Could have been the unicode bug in all versions of NT4/IIS up to service pack 6a.
I remember a friend telling me how awesome the BackOffice server he'd set up for his boss was. I told him to get that shit off the Internet now. He refused.
An hour later I came back to him with a printed directory listing of the server's hard drive and pointed out that I could execute a "format c: /y" just as easily.
Within an hour, the server had been firewalled.
quote: "An hour later I came back to him with a printed directory listing of the server's hard drive and pointed out that I could execute a "format c: /y" just as easily."
And if you did that today, you'd be arrested for unauthorised intereference with a computer system, an offense under The Computer Misuse Act 1990. In fact since you're talking about NT4, it would have been a criminal act at the time... hopefully you didn't get collared for the 12 to 24 months custodial sentence you could have been liable to.
Interesting thought that; using a flaw to point out the flaw is a criminal offense, however a failure to act (failing to secure the system after being notified of the flaw) is deemed a civil offense...
This post has been deleted by its author
This is just such a fundamentally elementary bug that the fact it ended up in OSX and the iPhone product lines is just (to me at least) inconceivable! Truly incompetent! When dealing with buffer sizes/lengths, one NEVER uses signed variables, for just this reason... A true FAIL moment for the Apple software team!
FWIW, I have been writing software for large-scale systems for 30+ years. I am a senior systems engineer for a tier-one hardware/software manufacturer. And I was writing software to support Unicode back in the late 1980's when it was still in the development stages.
If I understood the article, it sounds like it's meant to be calculating something related to the string width, and getting that wrong because by passing from one place to another it interprets a glyph count of -1 as a glyph count of UINT64_MAX.
So if you're asking why floating point arithmetic is used, it's because fonts are designed with floating point arithmetic and rendered with floating point arithmetic. The OS X graphics system uses the same drawing primitives as PDF and Postscript.
I'm sure the bug could possibly be trigged by any uneven number of characters. Not had full chance to play, but my assumption is they're using the direction of the text to mess up the counter; two forwards, three back. Personally I'd compute LTR direction then char direction (i.e. for the backspace char).
No, because the function would appear to get the direction right for a single character or any group of characters with the same direction.

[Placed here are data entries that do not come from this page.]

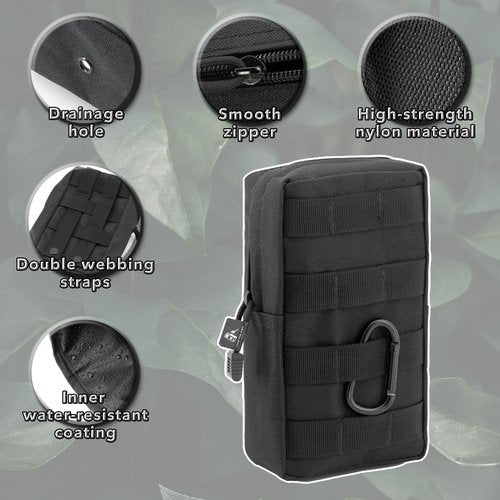 Little Fire Craft Tactical Pouch Drawstring Nylon Molle Pouch Outdoor Waist Bag Multi-Purpose Water-Resistant (Black)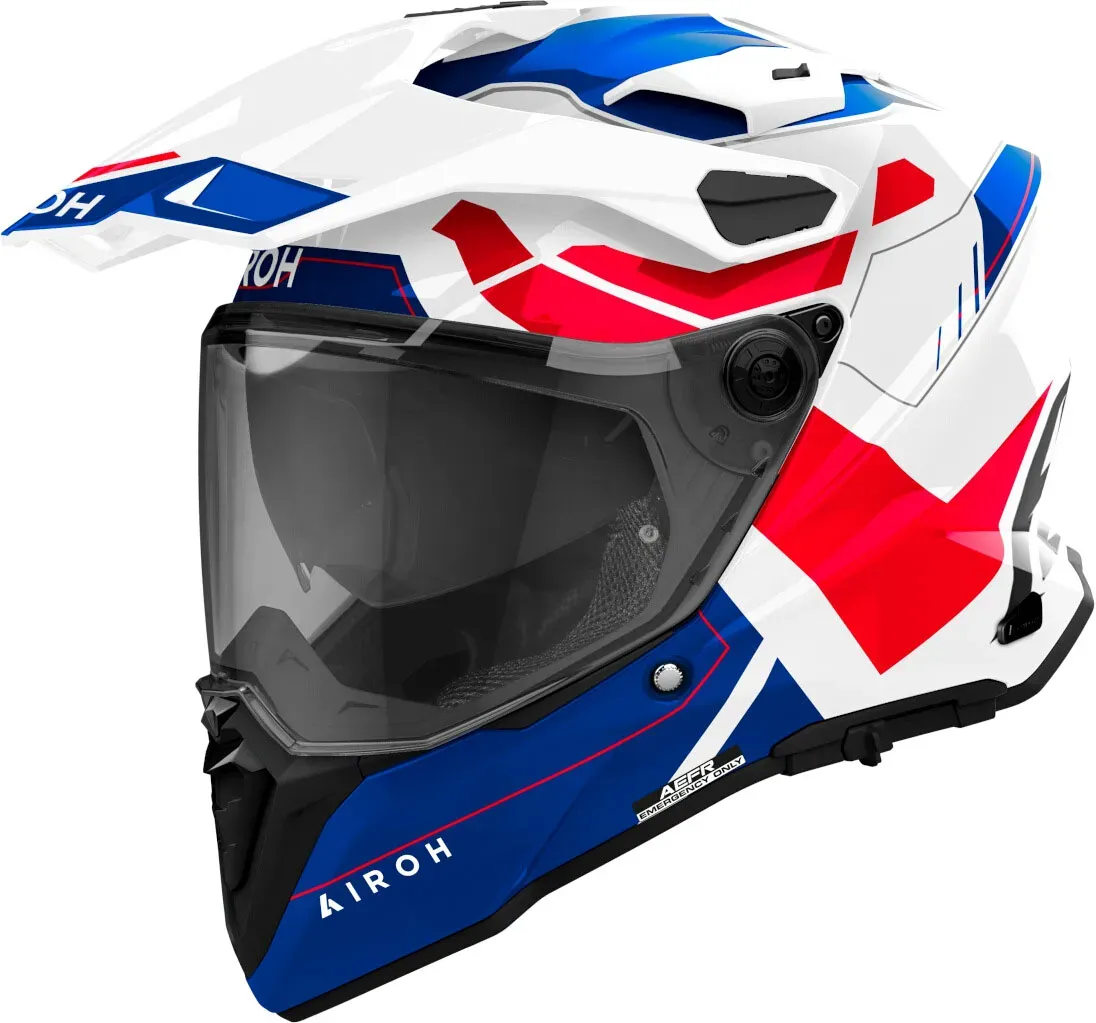 Airoh Commander 2 Reveal, casque enduro - Blanc/Bleu/Rouge - L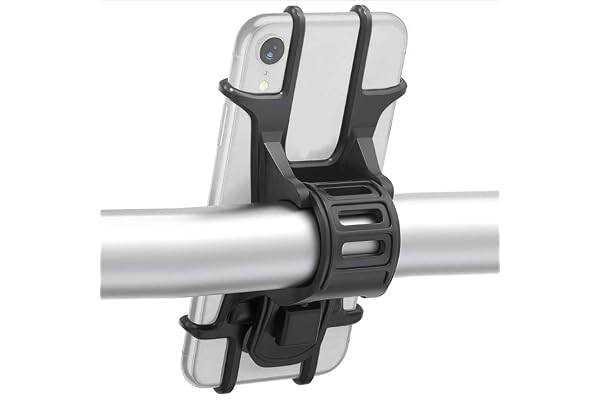 ISIYINER Support Téléphone Vélo Universel Silicone Porte-Téléphone de Vélo pour iPhone Samsung Huawei et 4.5-7.0 Pouces Smartphones Idéal pour Montagne Vélo Moto Poussette et Golf Trolley Noir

You'd need an initial set of characters going one direction, and then a wider reversing set of characters going the other direction.
If we're talking proportional fonts and actual pixel width rather than character width, it could be done with one narrow LTR character followed by one wider RTL character.
Otherwise, you'd need one more RTL character than LTR (or vice versa if you started with the RTL character).
If this were the case, the correct answer would be either
a) the absolute value of the result, or
b) the sum of the absolute values of the character widths in each direction
depending on whether the desired result is overlapping characters or each set of characters rendered side-by-side.
This little exploint rang a bell, so I searched Bruce Schneier's website. And, sure enough, on July 15, 2000, he observed ``Unicode is just too complex to ever be secure. '' See https://www.schneier.com/crypto-gram-0007.html#9. Doesn't exactly warm the cockles of the paranoid's heart.